Quem é portador de uma dor crônica de difícil diagnóstico e tratamento, como a fibromialgia, vive procurando por soluções mágicas, no começo, e médicas, depois. Há opções mais amenas e menos caras, no entanto. Muito pode ser aprendido, refletindo sobre as histórias de outras pessoas enfrentadas a situações de saúde semelhantes. Tentativas frustradas, acertos às vezes fortuitos – a medicina não é uma ciência exata e o corpo humano pode ter reações surpreendentes – e lições deduzidas da experiência pessoal de A podem ser compartilhadas e beneficiar X, Y e Z. À diferença dos países de língua inglesa, no entanto, são raras as pessoas no Brasil dispostas a expor a história de uma vida sofrida por causa de uma dor que não acaba. Mais incomum ainda, quem possa fazê-lo com clareza e sentimento. A história que você vai ler a seguir, a primeira postada em três anos, é uma exceção. Aproveite-a.
SOBRE MIM
Sou uma mulher de 59 anos, que sofre de Fibromialgia há 25. O que me motiva a compartilhar minha história é o desejo de inspirar pessoas com dor crônica a buscarem na consciência corporal e no autoconhecimento os recursos necessários ao manejo da dor para uma vida plena.
A minha experiência
Aos 37 anos, quando recebi o diagnóstico de Fibromialgia, eu vivia um drama comum a muitas mulheres: a busca pelo sucesso profissional e pessoal, sem deixar de lado a família e os filhos. O tratamento proposto, tendo como base antidepressivos e analgésicos potentes, não funcionou para o meu caso e os efeitos colaterais foram terríveis. A ansiedade por encontrar uma solução milagrosa agravou a situação e, de certa forma, por muitos anos, resignei-me a viver com dor.
Aos 47 anos, para além da dor do corpo, eu experimentei a dor na alma mais profunda que uma mãe é capaz de suportar: perdi um filho que completaria 21 anos num acidente de carro, no feriado do dia das mães. Dá para imaginar o quanto isso me afetou no campo físico, mental e social.
Frequentei por três anos uma clínica de dor, na qual fui atendida por uma equipe multidisciplinar composta por médico, educador físico, fisioterapeuta, acupunturista e uma psiquiatra que, após testar vários fármacos sem sucesso, prescreveu-me a combinação de um anticonvulsivante com um hipnótico. Com isso e a duras penas, obtive um pequeno progresso no condicionamento físico, mas a fadiga do exercício continuou sendo um fator limitante para o sucesso do tratamento. Minha alimentação, que já era saudável, foi alçada a um novo patamar quando minha filha cursou uma pós-graduação em Nutrição Funcional. Eliminei totalmente o glúten e a proteína do leite, os quais hoje consumo eventualmente. Passei a tomar suplementos vitamínicos e minerais. Melhorei a hidratação e cuidei da microbiota intestinal com o uso de probióticos. Houve uma melhora substancial da dor, fadiga e do humor.
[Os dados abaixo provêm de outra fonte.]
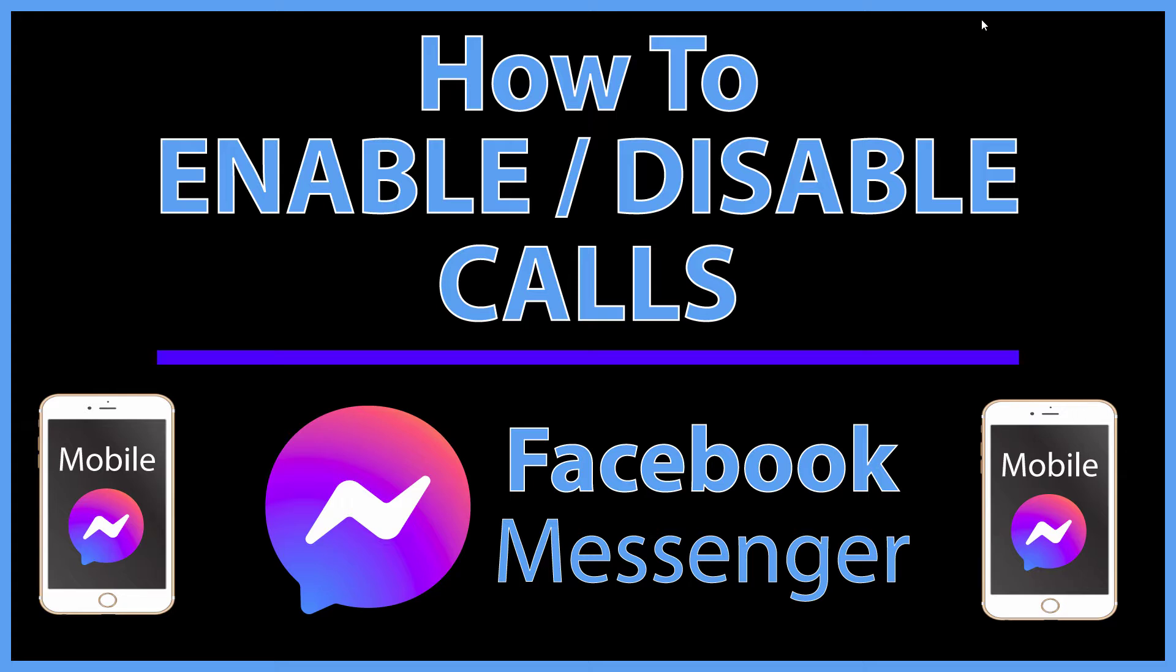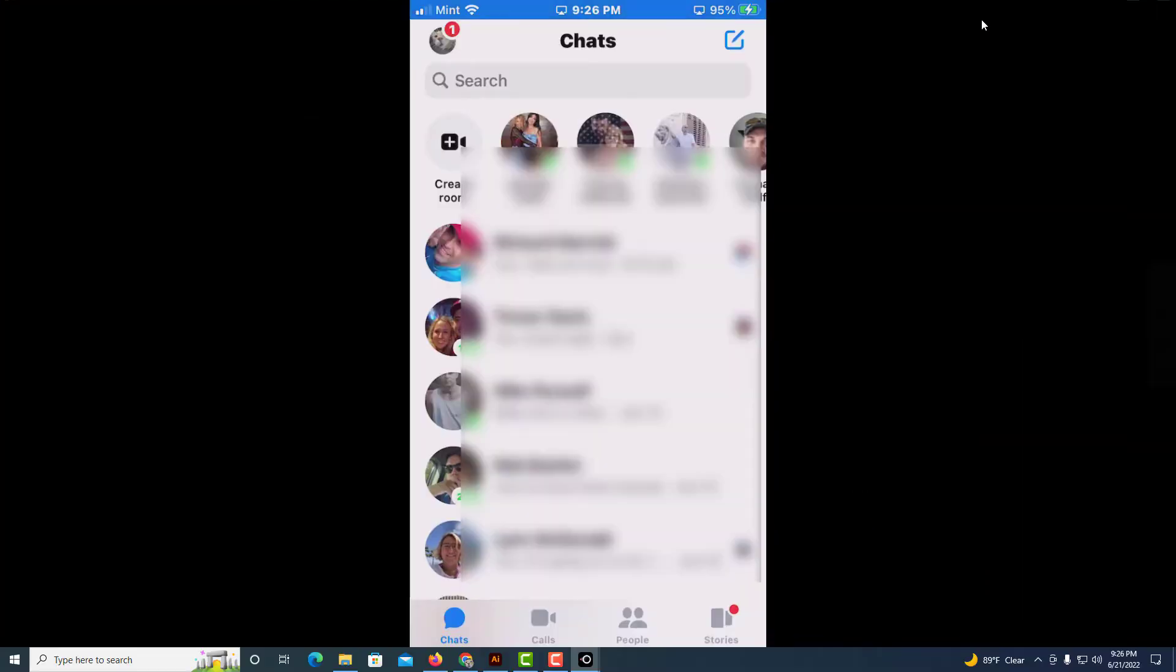Let me jump over to my phone here. Okay, I've got my phone opened up now and I am on the Facebook Messenger app.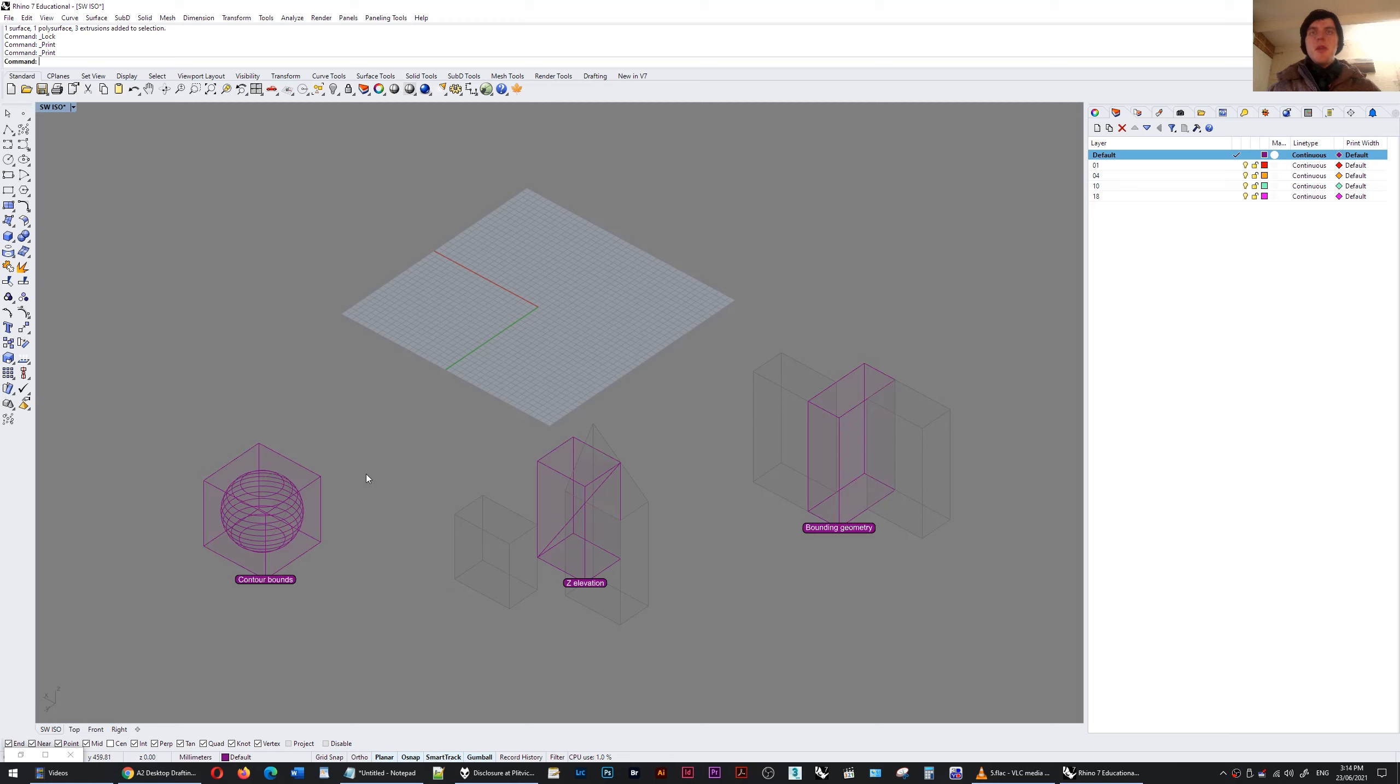Hi there. In this video I want to show you how you can use the bounding box to help you in three different situations.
Aos 55 anos, iniciei um tratamento à base de Cannabis Medicinal, para o qual obtive uma licença especial da Anvisa para aquisição do CBD no exterior. Duas marcas não funcionaram bem para mim, mas uma terceira, contendo CBD e THC numa proporção mínima aprovada, funcionou. Houve melhora das dores musculares, do humor e do sono. Percebi que a mesma fórmula de CBD de diferentes produtores, podem conferir resultados diversos.
Nos Estados Unidos, iniciei um tratamento para reposição hormonal com hormônios bioidênticos e, de quebra, acertei o tipo e a dosagem da medicação para o hipertireoidismo (queda na produção dos hormônios da tireoide). Houve grande melhora da disposição, da fadiga e do sono. Senti prazer em habitar meu corpo. Finalmente, corpo e alma começaram a caminhar de mãos dadas.
O vírus da Herpes Zoster na região dorsal e peitoral me acometeu pouco depois. Uma dor excruciante, que me fez dormir recostada à cabeceira da cama por muito tempo. Notei que o CBD piorava a dor neural decorrente da Herpes Zoster e suspendi a dose noturna, com prejuízo da melhora da dor muscular.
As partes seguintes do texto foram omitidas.